Майя грустно улыбнулась.

— А у меня нет и этого…

— Ты будешь рисовать!

Девушка вздрогнула и покачала головой.

— Ты что, не веришь в себя?

— Наверное, нет. Я не знаю. Иногда верю.

— Когда?

Она еще сильнее прижалась к Аарне и, закрыв глаза, прошептала: — Ты и сам понимаешь, когда!..

Но Аарне не успокоился. Он сжал ее голову ладонями и заставил посмотреть себе в глаза.

— Скажи, ты веришь хотя бы в то, что я могу тебя заставить поверить в себя?

— Прекратим этот разговор.

— Нет! — закричал вдруг Аарне. — Нет! Не прекратим! Скажи, веришь ты мне или нет?

— Да.

— Тогда ты и в себя должна поверить! — Аарне потряс Майю за плечи. — Черт возьми! В жизни каждого человека должен быть смысл. Скажи, в чем ты видишь смысл жизни?

Девушка ответила совершенно искренне:

— Я никогда не думала об этом.

— Об этом надо думать! Ведь надо же во что-то верить! Сейчас я это понимаю. Иногда я спорю с Андо, он говорит, что жизнь все равно кончится, что мы должны жить разумно и практично. Я, конечно, не знаю, возможно, мои слова — лишь пустая болтовня… Но об этом Андо писал в одном из своих рассказов: «Мы больше ни во что не верим, веру отняли у нас, у нас отняли способность верить». Ну разве можно так писать?

— Но если он действительно не верит?

— Как он может ни во что не верить? Ведь он же ходит по земле. Мы все во что-то верим. Знаешь, я иногда иду по улице и вдруг мне начинает казаться, что я всех люблю. Птицы поют, деревья пахнут смолой. Грязь налипает на ботинки. Мы едим, пьем, спим… Черт побери! Ты живешь, а если ты живешь, то пойми, ты обязан верить!

— Во что?

— Ты пойми меня правильно. Мне кажется, что если ты веришь в жизнь, веришь в людей, то ты поверишь и в будущее… Знаешь, я верю! Эх, черт возьми, если бы я мог, я бы все сделал!

— Почему же ты не можешь?

Аарне замолчал, устало зевнул и вздохнул.

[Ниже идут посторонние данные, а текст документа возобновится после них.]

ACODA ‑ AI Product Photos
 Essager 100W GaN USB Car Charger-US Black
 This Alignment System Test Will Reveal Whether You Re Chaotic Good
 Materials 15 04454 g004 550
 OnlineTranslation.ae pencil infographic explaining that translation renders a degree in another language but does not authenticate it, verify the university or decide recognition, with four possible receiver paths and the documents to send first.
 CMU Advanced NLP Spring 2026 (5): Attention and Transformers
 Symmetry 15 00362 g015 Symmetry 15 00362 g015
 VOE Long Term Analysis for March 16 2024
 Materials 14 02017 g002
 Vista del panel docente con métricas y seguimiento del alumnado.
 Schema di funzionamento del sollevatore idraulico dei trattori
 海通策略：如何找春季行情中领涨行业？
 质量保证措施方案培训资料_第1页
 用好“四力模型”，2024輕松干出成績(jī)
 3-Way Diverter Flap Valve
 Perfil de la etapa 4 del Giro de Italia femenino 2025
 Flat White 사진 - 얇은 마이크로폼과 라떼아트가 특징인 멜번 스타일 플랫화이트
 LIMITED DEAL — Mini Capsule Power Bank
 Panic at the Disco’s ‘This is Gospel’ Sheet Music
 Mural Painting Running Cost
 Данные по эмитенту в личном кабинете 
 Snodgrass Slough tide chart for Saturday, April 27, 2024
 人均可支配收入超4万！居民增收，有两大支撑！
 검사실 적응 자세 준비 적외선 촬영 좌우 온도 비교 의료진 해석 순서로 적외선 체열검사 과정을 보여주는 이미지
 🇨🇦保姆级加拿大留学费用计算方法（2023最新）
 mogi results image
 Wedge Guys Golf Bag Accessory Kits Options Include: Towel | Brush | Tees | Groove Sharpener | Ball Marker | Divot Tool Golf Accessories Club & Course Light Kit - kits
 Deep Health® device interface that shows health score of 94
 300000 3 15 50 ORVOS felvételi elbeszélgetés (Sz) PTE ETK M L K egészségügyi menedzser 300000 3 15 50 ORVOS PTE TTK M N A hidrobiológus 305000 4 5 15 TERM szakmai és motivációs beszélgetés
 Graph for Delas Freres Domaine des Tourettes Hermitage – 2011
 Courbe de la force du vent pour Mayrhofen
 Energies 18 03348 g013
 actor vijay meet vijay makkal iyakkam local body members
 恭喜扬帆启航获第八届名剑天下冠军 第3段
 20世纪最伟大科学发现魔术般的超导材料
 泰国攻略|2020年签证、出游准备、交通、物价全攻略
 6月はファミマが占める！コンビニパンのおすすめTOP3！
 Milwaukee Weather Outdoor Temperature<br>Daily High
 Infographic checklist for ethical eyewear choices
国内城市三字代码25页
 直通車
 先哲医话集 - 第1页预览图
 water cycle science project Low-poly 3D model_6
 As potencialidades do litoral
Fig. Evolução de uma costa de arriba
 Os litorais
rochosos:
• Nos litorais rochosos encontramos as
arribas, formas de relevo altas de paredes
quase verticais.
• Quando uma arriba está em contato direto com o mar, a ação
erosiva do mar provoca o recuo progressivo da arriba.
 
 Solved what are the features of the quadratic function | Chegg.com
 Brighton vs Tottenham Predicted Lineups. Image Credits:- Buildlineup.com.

— Вот видишь, — продолжал он совсем другим тоном, — в великих делах я разбираюсь, а в том, что происходит каждый день, — нет. Я — нуль, понимаешь? Завтра я не смогу ничего сделать, хотя отлично представляю, что нужно делать через сорок лет. Но одну вещь я знаю.

— Какую?

— У меня есть очень хорошая знакомая — Эста Лийгер, художница. Слышала? Завтра мы пойдем к ней. Ты возьмешь с собою все, что у тебя нарисовано.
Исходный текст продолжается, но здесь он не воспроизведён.